Dr Anne Schiffer explores how design thinking can help tackle local and global real world challenges, including in the areas of sustainable energy transitions, energy and water access. She is the author of Reframing Energy Access: Insights from The Gambia. The interdisciplinary nature of her research brings together participatory/ co-design practice, urbanism, feminist development theory and design anthropology. She holds a PhD from Queen’s University Belfast that critiques the role of designers in international development.
Thursday 9th June
10am-3pm:
Social Justice Greening toolkit workshop with URBANA (Barcelona) led by Panagiota Kotsila
About: Panagiota Kotsila of URBANA lab (the Barcelona Lab for Urban Environmental Justice and Sustainability) examines the structural and systemic drivers of social inequalities, exclusion, oppression, and neo-colonization in cities. Building on the theory and methods from urban planning, public policy, urban and environmental sociology, urban geography and public health, the Lab analyses the extent to which urban plans and policy decisions can contribute to more just, resilient, healthy, and sustainable cities, and how community groups in distressed neighbourhoods contest environmental inequities as a result of urban (re)development processes and policies. Kotsila and her colleagues believe in putting the needs of socially vulnerable groups at the centre of sustainable urban land use practices and planning decisions, and prioritising justice-driven responses to environmental and climate-related challenges. Our emphasis is on understanding the role that community, public, and private institutions can play in creating prosperous, welcoming and supportive cities for all.
Friday 10th June
10am-1pm:
NCAD Art in Contemporary World Masters Students developing creative critical ecology projects.
1pm-2.30pm:
Screening of Rights of Nature Film and talk a new conversation on law and ecology with Dr Peter Doran
About: Rights of Nature is a way of re-thinking our relationship with nature – from one of dominance to one of sharing, caring, respect and interdependency. It can also act as a catalyst to shift our thinking from an extractive economy towards a regenerative economy. The idea of nature having rights is not new. Nature has rights. What is new is how we can intervene using a rights of nature lens to protect nature and to recognise the intrinsic rights of ecosystems and species to evolve, flourish, and regenerate.

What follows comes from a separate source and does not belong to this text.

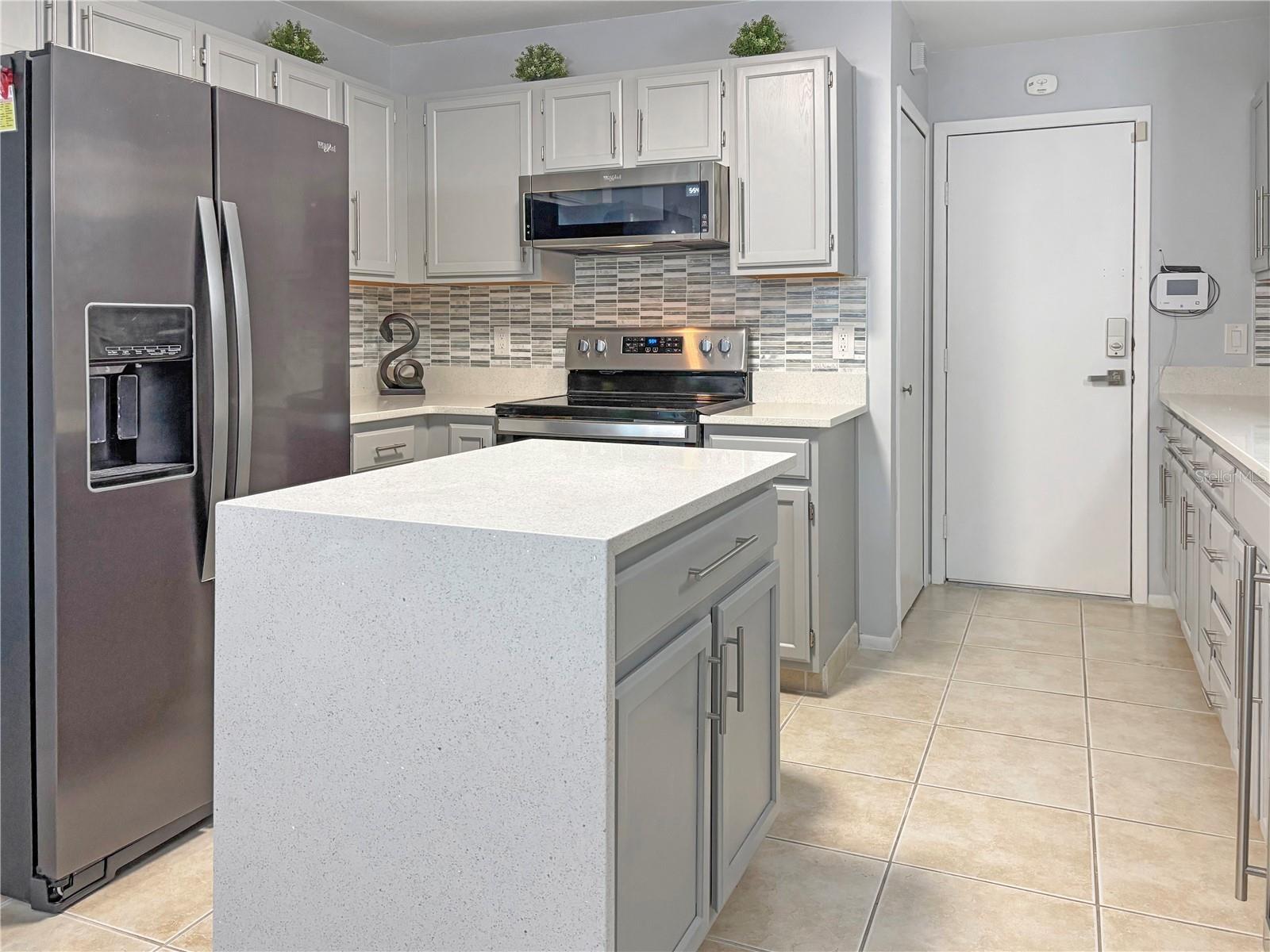 Image 4 of 14 For 10831 Satinwood Circle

Affording Rights to Nature is now vital because our laws, policies and environmental systems were never really designed to protect the environment. They were designed merely to reduce the rate of loss not to halt the loss in the first place or restore long term damage. EJNI’s Rights of Nature project will support and provide a platform for collaborations between activists, NGOs, lawyers, and academics who aim to develop the rights of nature conversation on the island of Ireland.